A little further research into South Africa's aspirations of holding Grands Prix in the future, reveals that since March 1993 things have changed. Then the circuit boss Mervyn Key was arrested after the race and charged with fraud, forgery. The track was subsequently acquired by the Automobile Association of South Africa, which is based in nearby Braamfontein.

Since the takeover the circuit has been running at a profit thanks to the use of the pit buildings as conference rooms and exhibition centers. There is also a high-performance driving school. The track surroundings have been upgraded with 7000 trees having been planted.

In order to finance a Grand Prix, however, a great deal more money is needed and the track will also probably have to be altered to provide more overtaking opportunities. It is unlikely that the AASA can raise the money without a substantial sponsor. The other option is to get government backing and use the race to promote foreign investment in South Africa. This is Kyalami's strongest selling point because since Nelson Mandela was elected president of the new South Africa on May 2, 1994, there has been political stability and with it has come an upturn in the economy. Although there has been some foreign investment the government is trying to attract more and more big business.

Kyalami is fortunate that South Africa has F1 fans in important positions.
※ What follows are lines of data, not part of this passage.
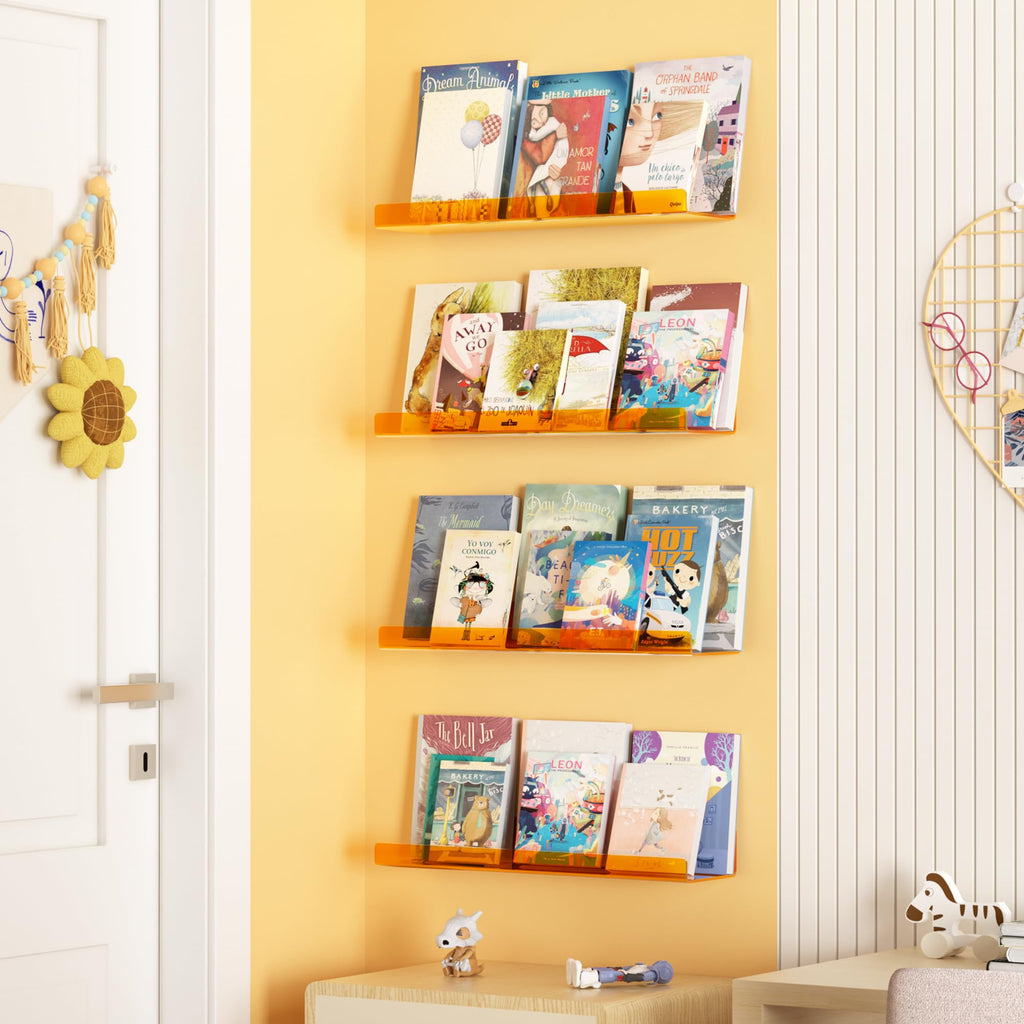 upsimples Acrylic Shelves for Bathroom Storage, 15" Floating Shelves Wall Organizer for Perfume, Make up, Skincare, Kids Bookshelf for Bedroom, Nursery, Living Room Decor, Clear, 4 Pack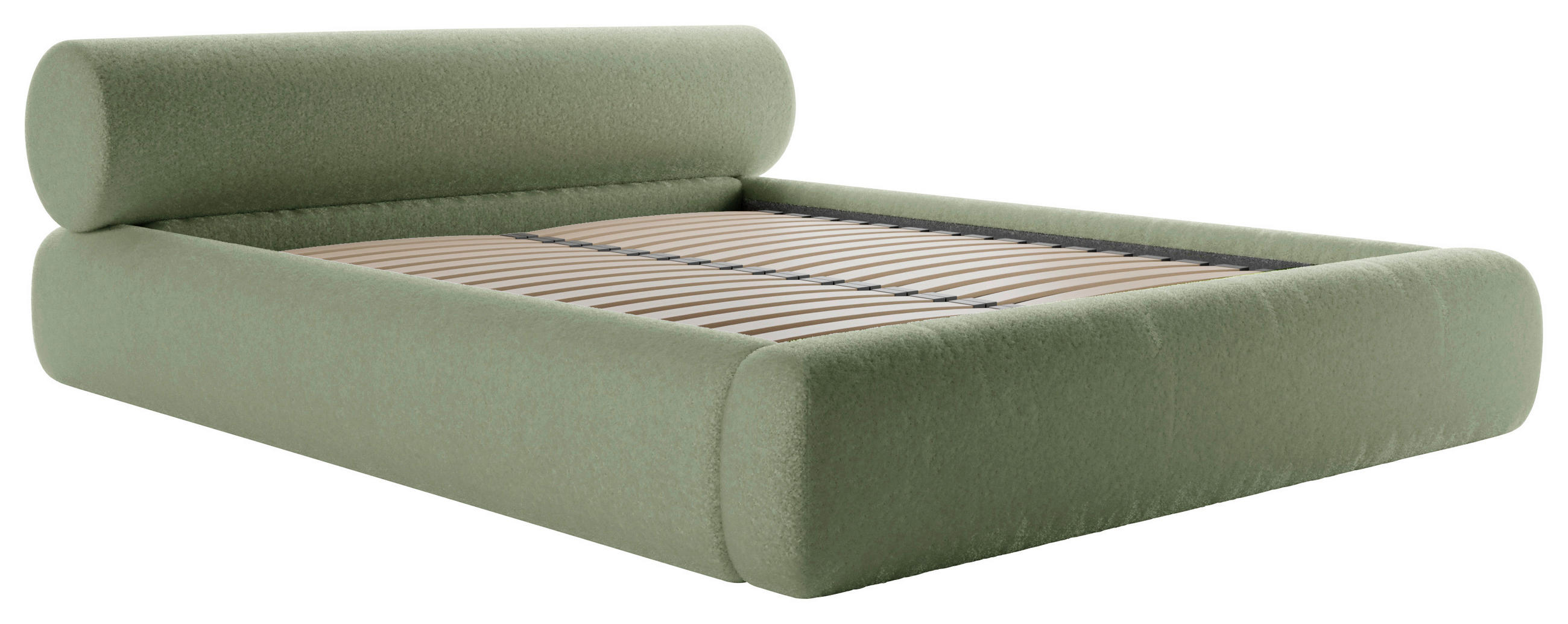 POLSTERBETT 140/200 cm,  in Grün, Lattenrost, Bettkasten,  - Schwarz/Grün, Design, Holz/Textil (140/200cm) - Chameo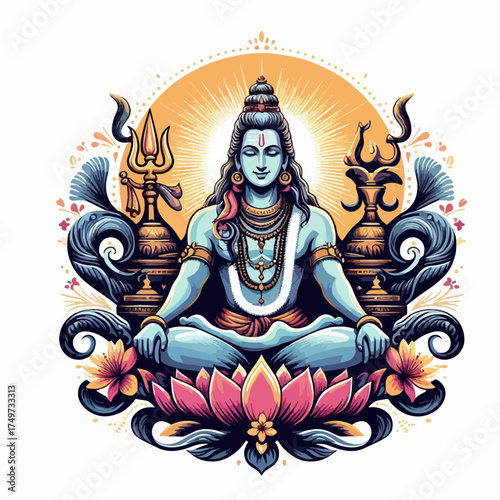 Lord Shiva meditating on a lotus flower with a radiant halo, trident, and damaru in a stylized illustration.
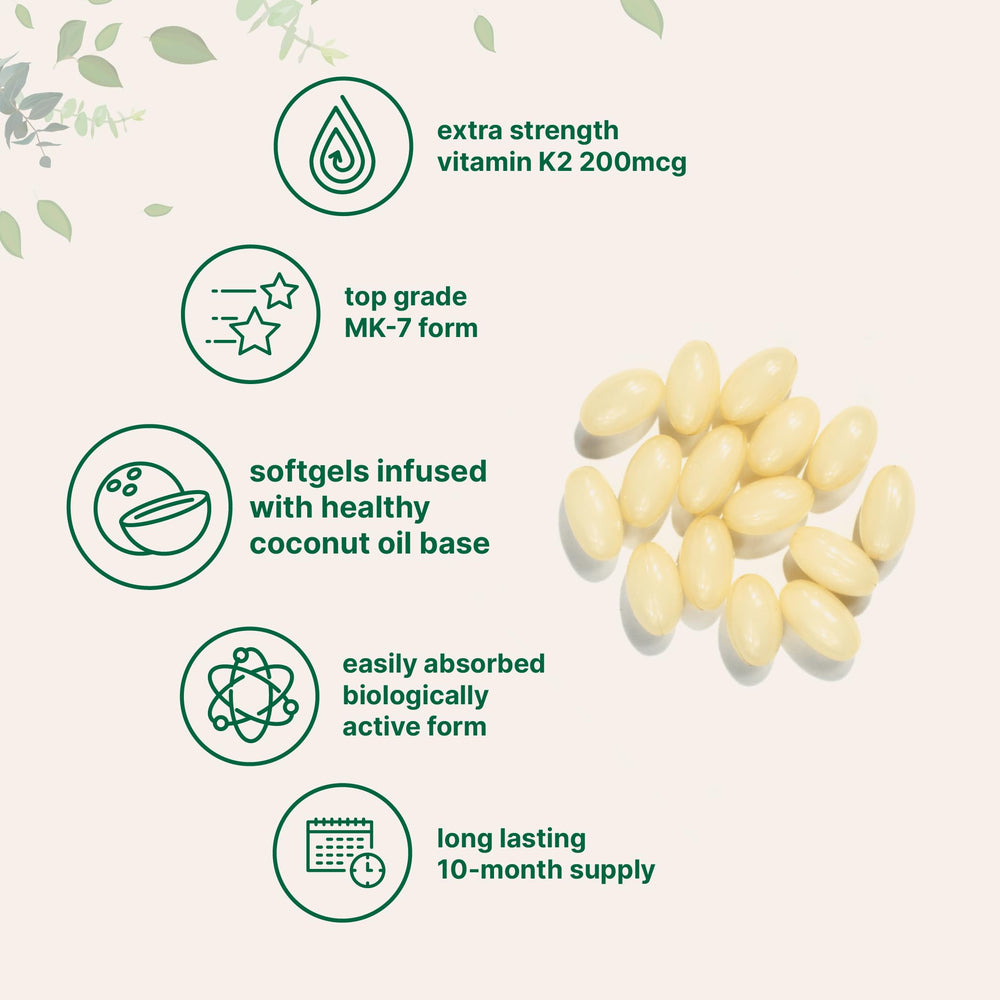 Micro Ingredients vitamin K2 MK-7 softgels coconut oil carrier promotes absorption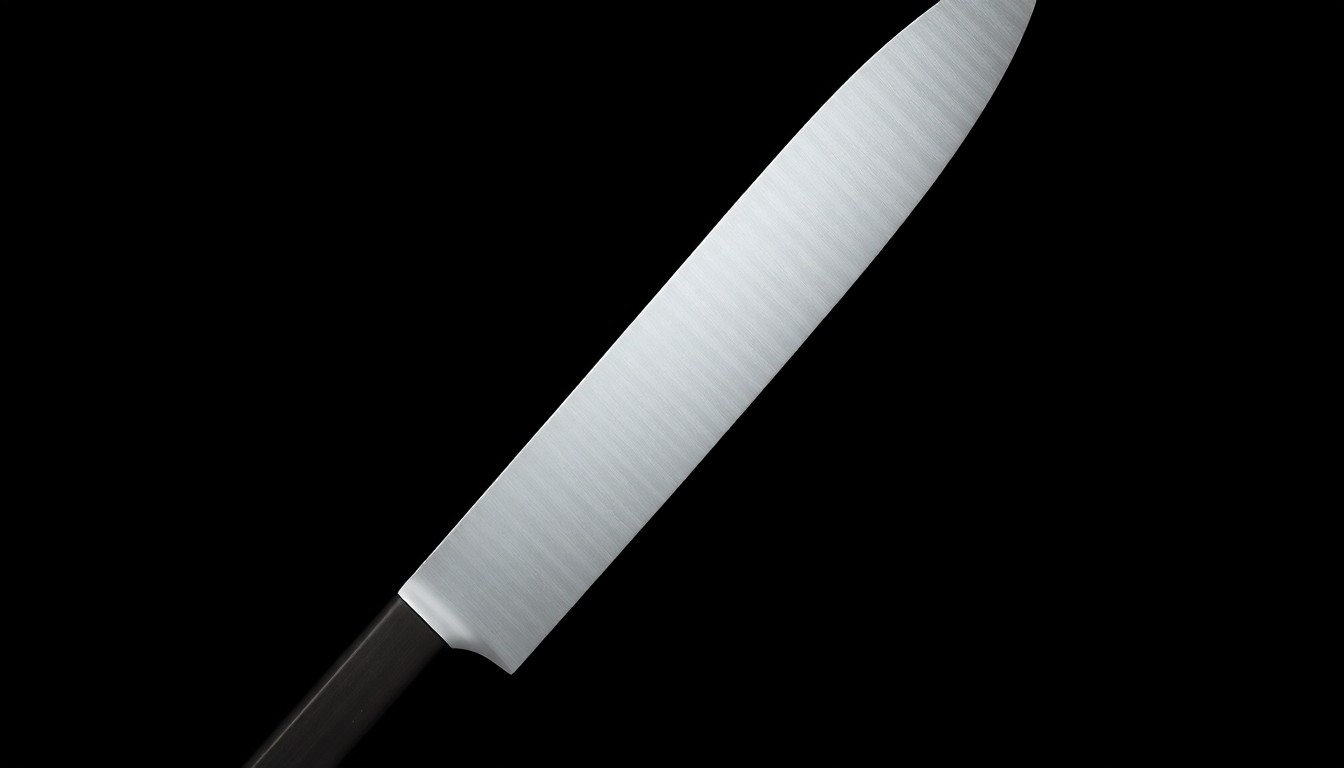 An extreme close-up photograph of a large kitchen knife, the blade reflecting a harsh, direct flash of light against a pitch-black background, conveying the serious, investigative nature of this crime-related incident.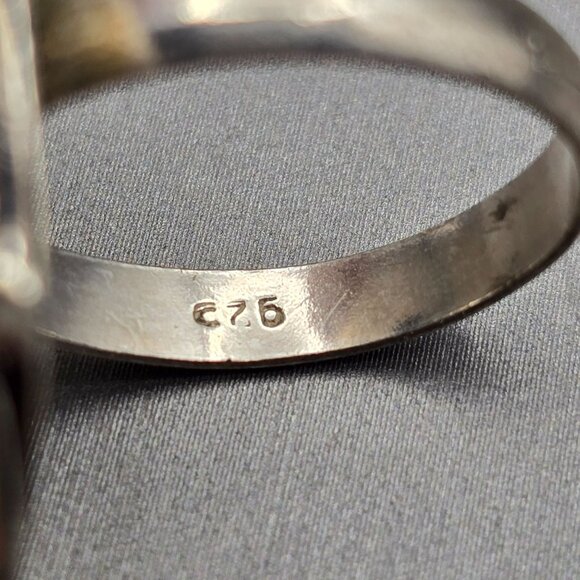 925 Sterling Silver Plt Dichroic Glass Ring Size 8 White Iridescent Bezel Set - Picture 6 of 13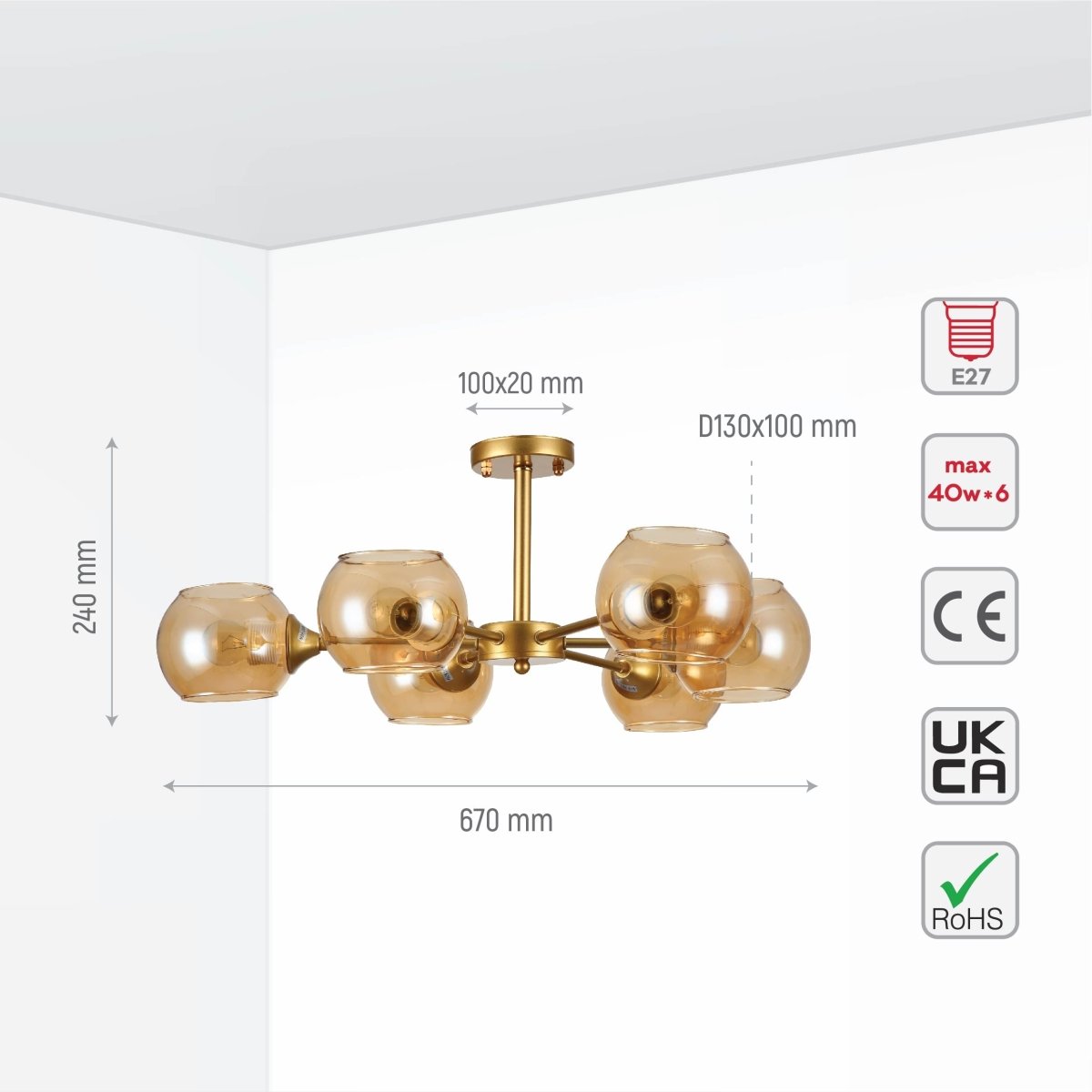 Size and specs of Amber Sides Open Globe Glass Gold Semi Flush Ceiling Light E27 | TEKLED 159-17636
One of the new board of directors of the AASA is married to President Nelson Mandela's daughter, while Cyril Ramaphosa, the secretary-general of the ruling party and a likely future president - is an F1 fanatic.

If the money can be found there is little doubt that the AASA would jump at the chance to hold another South African GP. If money is found now, there could be a race late in 1996, but a date in 1997 is thought to be much more likely.